WHAT IS BEING ASKED – Nothing but a verbatim copy of the data, minus the images, should be returned.

DATASET EXTRACT –
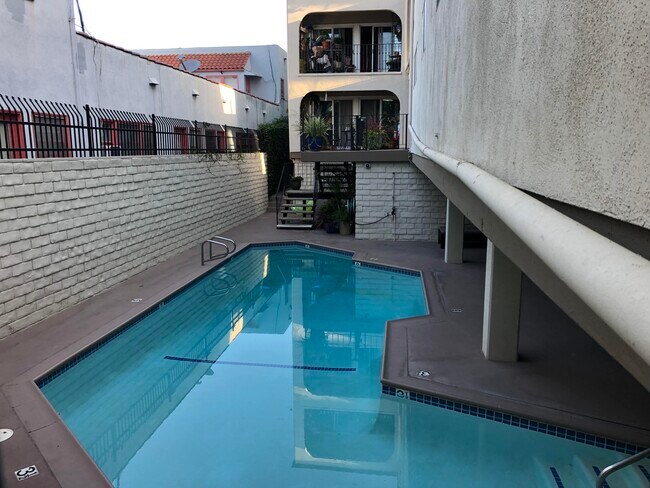 Piscina privada - 4045 E 3rd St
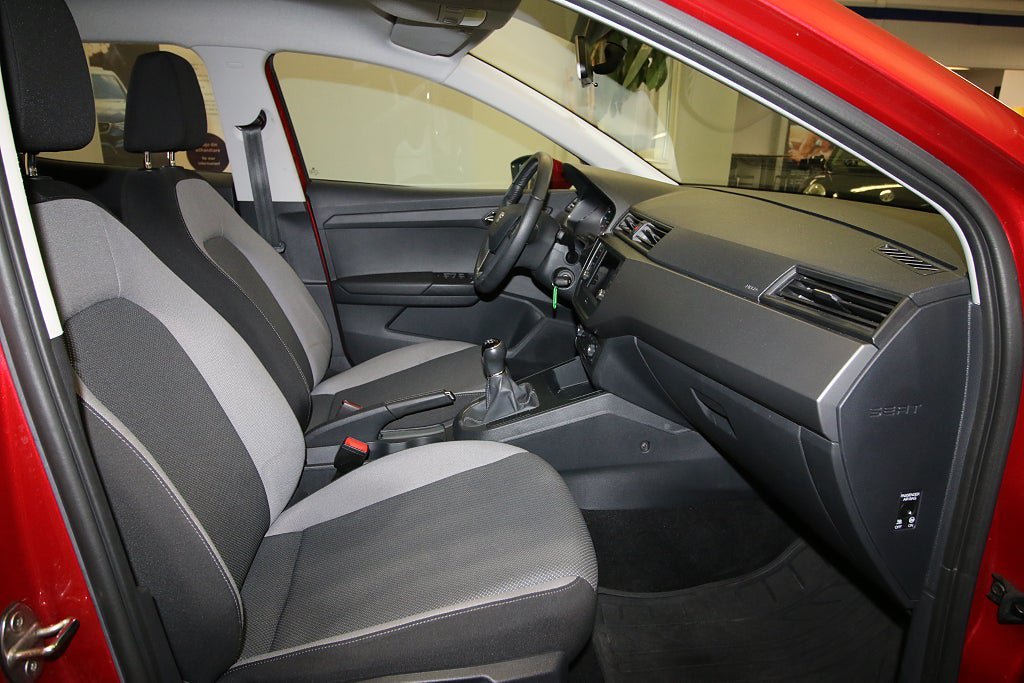 Vehicle Image 11
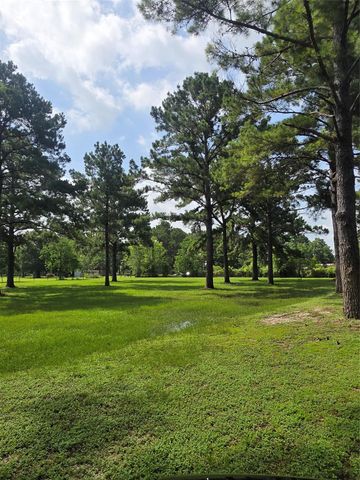 910 Sundown Meadows Street, Crosby, TX 77532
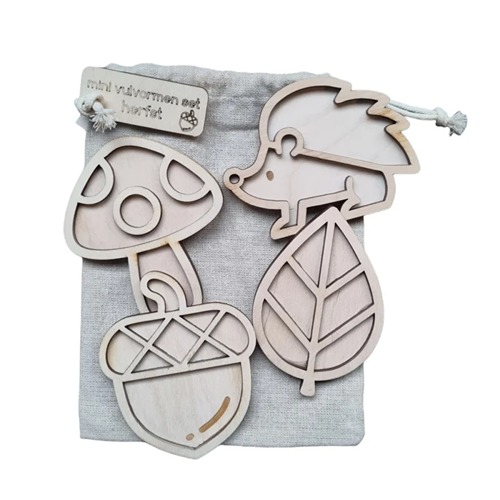 Linnen opbergzakje met houten vulvorm Eikel, egel, blad, paddenstoel stempel zand houten mini vulvormen, te gebruiken met magisch zand en o.a. speelrijst voor sensorisch spel in thema herfst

TASK SOLUTION –
 Piscina privada - 4045 E 3rd St
 Vehicle Image 11
 910 Sundown Meadows Street, Crosby, TX 77532
 Linnen opbergzakje met houten vulvorm Eikel, egel, blad, paddenstoel stempel zand houten mini vulvormen, te gebruiken met magisch zand en o.a. speelrijst voor sensorisch spel in thema herfst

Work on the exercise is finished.